1

I have read through all of the ggalluvial posts that I can find about ordering the axes in an alluvial diagram. Each of my axes is a factor variable and I have set the levels to be in the order I wish for them to appear in the plot. The first of my two axes is correctly ordered per the levels of its factor variable and the order changes as it should when I change the levels. However, the second axis does not reflect the levels of its underlying factor variable. For some reason the second axis appears to mirror the levels of the first axis for all overlapping drug classes and is not responsive to any changes I make to the levels.

Does any one have any suggestions for address this problem?

For refernece, here is my data:

top_transitions <- data.frame(
  last_pre_tx_drug = c("DPP4 inhibitors", "DPP4 inhibitors",
                       "Insulin", "Insulin", "Insulin", 
                       "None", "None", "None", "None", "None",
                       "Sulfonylureas", "Sulfonylureas", 
                       "Sulfonylureas", "Sulfonylureas"),

  post_transplant_drug = c("Insulin", "Insulin + DPP4 inhibitors", 
                           "Insulin", "None", "Insulin + GLP-1 RAs", 
                           "DPP4 inhibitors", "Insulin", "None", 
                           "Biguanides", "Sulfonylureas", 
                           "Insulin + Sulfonylureas", "Insulin", 
                           "None", "Sulfonylureas"),

  N = c(1809, 1005, 35053, 4506, 808, 2200, 12087, 36052, 
        1304, 3303, 1301, 5017, 1302, 1207)
)

top_transitions$last_pre_tx_drug <- factor(top_transitions$last_pre_tx_drug, 
      levels = c("DPP4 inhibitors", "Insulin", "None", "Sulfonylureas"))

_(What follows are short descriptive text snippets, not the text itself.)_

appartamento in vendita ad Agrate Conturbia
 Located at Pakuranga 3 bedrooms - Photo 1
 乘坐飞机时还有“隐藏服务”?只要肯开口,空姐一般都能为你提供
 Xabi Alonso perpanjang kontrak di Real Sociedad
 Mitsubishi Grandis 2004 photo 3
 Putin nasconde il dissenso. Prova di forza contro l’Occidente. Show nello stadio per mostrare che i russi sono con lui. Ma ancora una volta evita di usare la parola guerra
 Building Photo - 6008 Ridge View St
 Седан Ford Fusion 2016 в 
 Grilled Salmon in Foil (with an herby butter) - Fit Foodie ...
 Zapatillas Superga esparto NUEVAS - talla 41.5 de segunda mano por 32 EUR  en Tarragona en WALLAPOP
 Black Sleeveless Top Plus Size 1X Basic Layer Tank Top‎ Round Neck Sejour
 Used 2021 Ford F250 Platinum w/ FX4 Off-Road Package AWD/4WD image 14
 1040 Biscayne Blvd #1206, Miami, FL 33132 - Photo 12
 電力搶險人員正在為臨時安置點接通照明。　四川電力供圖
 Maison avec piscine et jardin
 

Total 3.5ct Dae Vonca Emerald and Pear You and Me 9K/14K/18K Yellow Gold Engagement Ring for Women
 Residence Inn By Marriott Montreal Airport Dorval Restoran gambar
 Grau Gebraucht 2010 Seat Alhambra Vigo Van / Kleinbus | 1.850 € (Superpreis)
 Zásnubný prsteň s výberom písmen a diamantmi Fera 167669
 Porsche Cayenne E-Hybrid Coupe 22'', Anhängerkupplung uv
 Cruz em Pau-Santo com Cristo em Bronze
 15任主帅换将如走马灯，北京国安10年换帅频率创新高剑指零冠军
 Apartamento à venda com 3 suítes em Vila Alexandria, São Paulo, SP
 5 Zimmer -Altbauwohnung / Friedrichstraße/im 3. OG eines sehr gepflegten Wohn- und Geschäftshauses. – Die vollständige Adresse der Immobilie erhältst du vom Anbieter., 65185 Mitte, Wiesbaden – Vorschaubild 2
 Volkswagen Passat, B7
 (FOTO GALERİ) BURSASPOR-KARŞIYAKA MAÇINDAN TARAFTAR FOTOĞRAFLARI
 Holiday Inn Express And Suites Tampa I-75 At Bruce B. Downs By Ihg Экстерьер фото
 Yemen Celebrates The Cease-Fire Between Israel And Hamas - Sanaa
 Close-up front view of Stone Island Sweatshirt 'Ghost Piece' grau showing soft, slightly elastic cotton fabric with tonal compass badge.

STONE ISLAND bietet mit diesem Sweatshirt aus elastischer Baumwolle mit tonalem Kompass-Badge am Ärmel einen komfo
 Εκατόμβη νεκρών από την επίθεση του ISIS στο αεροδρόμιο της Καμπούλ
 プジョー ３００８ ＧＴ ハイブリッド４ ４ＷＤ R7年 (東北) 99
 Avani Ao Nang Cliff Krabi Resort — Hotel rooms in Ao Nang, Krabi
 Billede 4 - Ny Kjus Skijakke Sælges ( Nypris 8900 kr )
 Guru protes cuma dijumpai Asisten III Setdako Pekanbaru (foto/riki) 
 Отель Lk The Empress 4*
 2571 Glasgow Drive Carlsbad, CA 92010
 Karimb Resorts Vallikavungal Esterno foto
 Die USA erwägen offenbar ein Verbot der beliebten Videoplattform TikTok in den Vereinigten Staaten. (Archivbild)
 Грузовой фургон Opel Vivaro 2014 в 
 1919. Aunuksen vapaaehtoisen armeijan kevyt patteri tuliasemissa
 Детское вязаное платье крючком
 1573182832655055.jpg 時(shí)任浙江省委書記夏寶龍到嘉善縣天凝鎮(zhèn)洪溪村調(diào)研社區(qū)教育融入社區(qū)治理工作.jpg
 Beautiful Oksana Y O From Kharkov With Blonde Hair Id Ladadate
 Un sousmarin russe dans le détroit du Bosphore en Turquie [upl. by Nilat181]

top_transitions$post_transplant_drug <- factor(top_transitions$post_transplant_drug, 
       levels = c("DPP4 inhibitors", "Insulin + Sulfonylureas",
                  "Insulin", "Insulin + DPP4 inhibitors", "None", 
                  "Insulin + GLP-1 RAs", "Biguanides", "Sulfonylureas"))


And here is the code I'm using for my plot:

# Color palette based on the levels of post_transplant_drug
color_palette <- c(
  "DPP4 inhibitors" = "#4393C3",
  "Insulin + Sulfonylureas" = "#B2182B",
  "Insulin" = "#2166AC",
  "Insulin + DPP4 inhibitors" = "#A6A6A6",
  "None" = "#92C5DE",
  "Insulin + GLP-1 RAs" = "#1B7837",
  "Biguanides" = "#F4A582",
  "Sulfonylureas" = "#D6604D"
)

library(ggalluvial)

ggplot(top_transitions, aes(axis1 = last_pre_tx_drug, 
                            axis2 = post_transplant_drug, y = N)) +
  geom_alluvium(aes(fill = post_transplant_drug), 
                width = 1/25, knot.pos = 0.1, curve_type = "sigmoid") +
  geom_stratum(width = 1/5, fill = "#F0F0F0", color = "#808080") +
  geom_text(stat = "stratum", aes(label = after_stat(stratum)), 
                                  size = 3.5, color = "#333333",
            family = "Helvetica Neue", fontface = "bold", 
            hjust = 0.5, vjust = 0.5) +
  scale_x_discrete(limits = c("last_pre_tx_drug", "post_transplant_drug"),
                   labels = c("Last Regimen Used\nPre-Transplant",
                              "First Regimen Used\nPost-Transplant"),
                   expand = c(.02, .02)) +
  scale_fill_manual(values = color_palette, name = "Post-Transplant\nDrug Class") +
  theme_minimal() +
  theme(plot.title = element_text(face = "bold", size = 16, hjust = 0.5, 
                                  margin = margin(b = 10), 
                                  family = "Helvetica Neue"),
        plot.subtitle = element_text(size = 12, hjust = 0.5, 
                                     margin = margin(b = 20), 
                                     family = "Helvetica Neue"),
        axis.title = element_blank(),
        axis.text = element_text(size = 11, color = "#333333", family = "Helvetica Neue"),
        axis.text.y = element_blank(),
        legend.position = "bottom",
        legend.title = element_text(size = 11, face = "bold", family = "Helvetica Neue"),
        legend.text = element_text(size = 10, family = "Helvetica Neue"),
        panel.grid = element_blank(),
        panel.border = element_blank(),
        plot.margin = margin(20, 20, 20, 20))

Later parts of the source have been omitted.